Customers will conduct visual searches across a variety of devices. Your pages and images need to be responsive and optimized for different screens, especially mobile devices.

Detailed Meta Information

Meta information is what search engines use to determine the content of an image. Your metadata should be accurate and descriptive to optimize your images for search engines.

Accurate File Names

In addition to the meta information, each image’s file name is also an important clue to help search engines find you. We recommend using file names that reflect the keywords a customer might use when searching for your product.

High-Quality Images

Of course, the most important element of all is to use good images. You need to provide multiple well-lit images that showcase each product from multiple angles. Your images should give customers all the visual details they need to make an informed purchase. This includes dimensions, scale, color, and any other relevant information.

The best practices mentioned above are important for visual search optimization. It’s important to note, however, that they can also help you protect sales even after the transaction.

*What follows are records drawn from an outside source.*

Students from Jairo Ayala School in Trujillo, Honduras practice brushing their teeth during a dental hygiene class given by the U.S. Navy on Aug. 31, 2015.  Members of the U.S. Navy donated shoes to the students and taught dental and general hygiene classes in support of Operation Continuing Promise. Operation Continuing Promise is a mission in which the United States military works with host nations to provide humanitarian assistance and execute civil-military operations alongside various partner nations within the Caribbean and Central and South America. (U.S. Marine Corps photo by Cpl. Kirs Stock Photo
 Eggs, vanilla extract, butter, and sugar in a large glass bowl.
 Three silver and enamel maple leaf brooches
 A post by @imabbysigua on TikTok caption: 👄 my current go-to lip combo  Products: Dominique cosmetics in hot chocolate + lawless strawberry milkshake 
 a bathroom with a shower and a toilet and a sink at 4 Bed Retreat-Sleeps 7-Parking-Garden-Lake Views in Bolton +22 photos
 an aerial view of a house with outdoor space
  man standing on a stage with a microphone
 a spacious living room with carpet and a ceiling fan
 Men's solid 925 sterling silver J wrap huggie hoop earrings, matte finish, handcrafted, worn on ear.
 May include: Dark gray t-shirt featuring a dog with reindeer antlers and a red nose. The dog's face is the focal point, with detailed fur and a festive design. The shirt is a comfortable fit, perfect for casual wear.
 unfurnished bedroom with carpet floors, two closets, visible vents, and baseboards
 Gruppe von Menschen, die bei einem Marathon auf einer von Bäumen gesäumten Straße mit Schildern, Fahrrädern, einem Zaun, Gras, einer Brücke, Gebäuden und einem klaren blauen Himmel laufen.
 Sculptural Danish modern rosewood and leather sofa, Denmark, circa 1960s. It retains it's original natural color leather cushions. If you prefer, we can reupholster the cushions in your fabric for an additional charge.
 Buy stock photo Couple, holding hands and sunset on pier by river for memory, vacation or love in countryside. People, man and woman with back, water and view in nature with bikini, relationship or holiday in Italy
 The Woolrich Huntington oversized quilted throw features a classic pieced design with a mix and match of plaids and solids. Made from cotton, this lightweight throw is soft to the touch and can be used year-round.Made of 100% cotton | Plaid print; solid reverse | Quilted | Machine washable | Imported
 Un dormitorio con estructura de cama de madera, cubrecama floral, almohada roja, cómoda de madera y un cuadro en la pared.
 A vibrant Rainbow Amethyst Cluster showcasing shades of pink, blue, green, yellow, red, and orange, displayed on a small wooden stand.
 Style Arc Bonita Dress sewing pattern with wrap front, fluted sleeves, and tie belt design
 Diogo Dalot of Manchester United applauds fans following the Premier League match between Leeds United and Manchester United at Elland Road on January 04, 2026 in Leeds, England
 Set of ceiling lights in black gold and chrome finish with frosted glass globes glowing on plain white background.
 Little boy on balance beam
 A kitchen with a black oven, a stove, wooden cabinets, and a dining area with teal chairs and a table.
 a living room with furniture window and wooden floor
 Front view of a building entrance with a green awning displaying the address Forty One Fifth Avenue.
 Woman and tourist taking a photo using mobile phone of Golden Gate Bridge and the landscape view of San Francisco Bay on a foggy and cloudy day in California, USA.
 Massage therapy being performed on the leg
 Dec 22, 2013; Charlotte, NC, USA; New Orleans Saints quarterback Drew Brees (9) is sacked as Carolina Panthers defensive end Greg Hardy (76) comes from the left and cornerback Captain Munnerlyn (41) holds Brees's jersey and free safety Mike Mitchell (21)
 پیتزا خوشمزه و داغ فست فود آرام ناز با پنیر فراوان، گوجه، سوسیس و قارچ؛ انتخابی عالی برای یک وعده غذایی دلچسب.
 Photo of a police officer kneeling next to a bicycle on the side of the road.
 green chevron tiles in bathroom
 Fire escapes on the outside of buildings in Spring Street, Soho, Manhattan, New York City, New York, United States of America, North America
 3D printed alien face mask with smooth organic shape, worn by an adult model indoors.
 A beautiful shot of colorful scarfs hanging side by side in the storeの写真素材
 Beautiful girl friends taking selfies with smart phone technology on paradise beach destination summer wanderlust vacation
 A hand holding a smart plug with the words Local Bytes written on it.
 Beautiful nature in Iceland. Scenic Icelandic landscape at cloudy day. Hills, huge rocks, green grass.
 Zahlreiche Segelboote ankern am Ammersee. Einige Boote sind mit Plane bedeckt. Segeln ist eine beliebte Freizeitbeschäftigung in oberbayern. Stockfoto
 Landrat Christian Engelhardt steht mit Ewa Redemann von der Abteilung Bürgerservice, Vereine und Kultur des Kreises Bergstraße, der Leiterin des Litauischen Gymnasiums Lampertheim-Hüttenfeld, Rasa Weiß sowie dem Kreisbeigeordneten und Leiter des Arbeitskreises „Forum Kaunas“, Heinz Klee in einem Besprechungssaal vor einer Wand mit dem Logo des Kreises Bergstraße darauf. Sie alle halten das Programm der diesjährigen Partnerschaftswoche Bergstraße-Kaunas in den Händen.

If a customer makes a purchase, but the final item doesn’t reflect what was shown on your site, the customer is much more likely to demand a refund. Nearly one-quarter of all online returns happen because the product differed from what the customer saw online.

Even worse, the customer might file a chargeback, claiming that the item in question didn’t reflect what was promised. This could qualify for a dispute using Visa reason code 13.3 (Not as Described or Defective Merchandise/Service), for instance. This would be considered a merchant error, which would make successful chargeback representment unlikely.

Getting your business ready for visual search is a big step toward protecting your profitability. Have additional questions about optimizing your site to attract customers and prevent loss? Click below and speak with one of our eCommerce experts today.

FAQs

What is a visual search?

Visual search is an AI-enabled technology that allows customers to search for products and items by visual cues rather than textual information. For example, if a customer is searching for “blue t-shirt,” the algorithm will present them with visual products that match this description. The user can then refine the search according to the customer’s taps or input.

How do I do a visual search?

Customers can generally use visual search by using shopping applications that are visual search-enabled, like Amazon, Target, or eBay. Once the application is open, customers can snap photos on their smartphone and upload the image to their shopping app. The visual search will then produce similar images and products according to the visual cues provided in the customer’s image.

Can you do a visual search on Google?

For customers, Google Lens allows users to upload and match products directly from the google search bar through Chrome or via a Google application.

Merchants, on the other hand, can piggyback off the search engines featured on Google Lens by providing excellent SEO search criteria. That said, if you want targeted visual search capabilities in your own shopping app or site, you will likely need to partner with a third-party software developer like Syte to help you develop and integrate visual search options with your product listings.

What is the visual search process?

Major retailer Target makes effective use of their collaboration with Pinterest Lens to provide relevant searchable products based on visual cues downloaded from user smartphones and cameras. This incredibly powerful tool enables customers to search for products they like based on items they see in other stores, in their homes, or on the go.

To put this into perspective, let’s say a user really likes a home decor item they saw at a friend’s house during a dinner party. By snapping a pic of the item and uploading it to their Target app, the company’s visual search platform will seek and produce all available items carried in Target stores matching that search criteria.